Lane knows the Commonwealth Games environment – she went to Delhi in 2010 as a physio in the New Zealand team’s medical pool.
“I had a much stronger Aussie accent in those days, and learning the haka I was like, ‘You guys have seen my passport, are you sure I’m allowed to?’ But it was another way to serve sport,” she says.
“This is a totally different experience again for me; learning how to serve in this environment has been a steep curve.”
Lane and her husband are now settled in New Zealand, after returning from the US in 2021 on a six-month sabbatical – and then couldn’t leave.
She’s finally found her ideal work-life balance. Last weekend, she ate fish and chips on Takapuna Beach then had her first – and possibly last – surfing lesson at Muriwai, tackling her fear of the ocean. “And then I get to work in a high performance environment where I can make a difference,” she says.

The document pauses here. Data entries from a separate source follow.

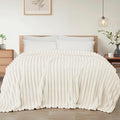Exclusivo Mezcla Twin Size Flannel Fleece Blanket, Super Soft Striped Jacquard Bed Blanket, Lightweight Fuzzy Cozy for All Seasons, 60x80 Inches, Ivory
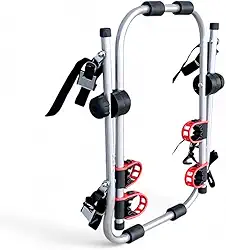 LOBO BIKE Suporte Transbike Universal para Porta-Malas, Compatível com Sedan, Hatch, SUV, Estrutura de Alumínio, com 4 Bases de Borracha e Tiras de Fixação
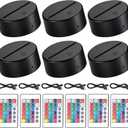 6 Pieces 3D Night LED Light Lamp Base 16 Colors LED Display Base with Remote Control and USB Cable, Christmas Light Lamp Display Acrylic for Restaurant Shop(Small,Black)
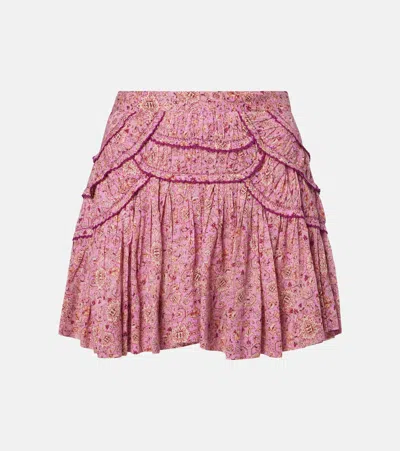 Isabel Marant Étoile Ceola Printed Ruffled Cotton Skirt In Pink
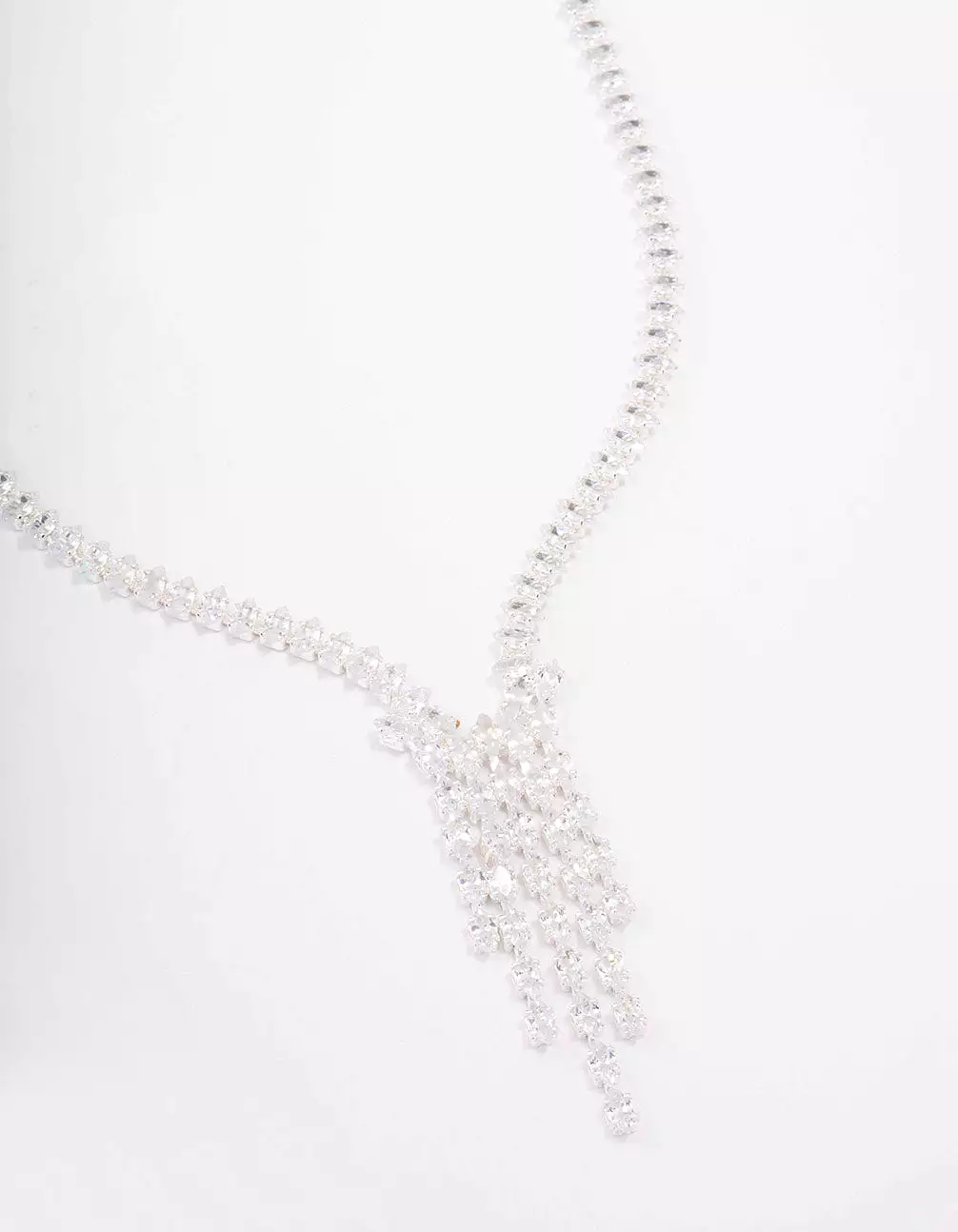 Silver Cubic Zirconia Marquise Drop Necklace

As a high performance sport consultant, Lane also works with sprinter Zoe Hobbs and Black Caps bowler Kyle Jamieson. “I’m popping in and out of all sorts of sports,” she says. “I’ve found a similar theme: people are generous with their understanding of my ignorance, and they’re willing to help me help them.”
The Silver Ferns go into the Commonwealth Games ranked No.2 in the world, having beaten Australia, England and South Africa in the past 12 months. A gold medal – to go with the titles they won in 2006 and 2010 – is within their reach.
“The goal they’ve set is aspirational, but there’s absolutely no guarantee,” Lane says. “They need the space to be brave enough to fail… because if they have that freedom, that’s when they hit their X factor, when they reach and they push, come hell or high water.
“They need the nation’s support – and I don’t think the nation can love them unconditionally yet. But that’s what fandom is. It’s not about believing in them, it’s believing they are valuable enough to us, no matter what medal they wear around their neck, they’re our national team and we back them. That’s the most important thing we can do for them.
“The mess isn’t the identity of the Silver Ferns – it’s one page in an anthology. Now they’re free to write the next chapter.”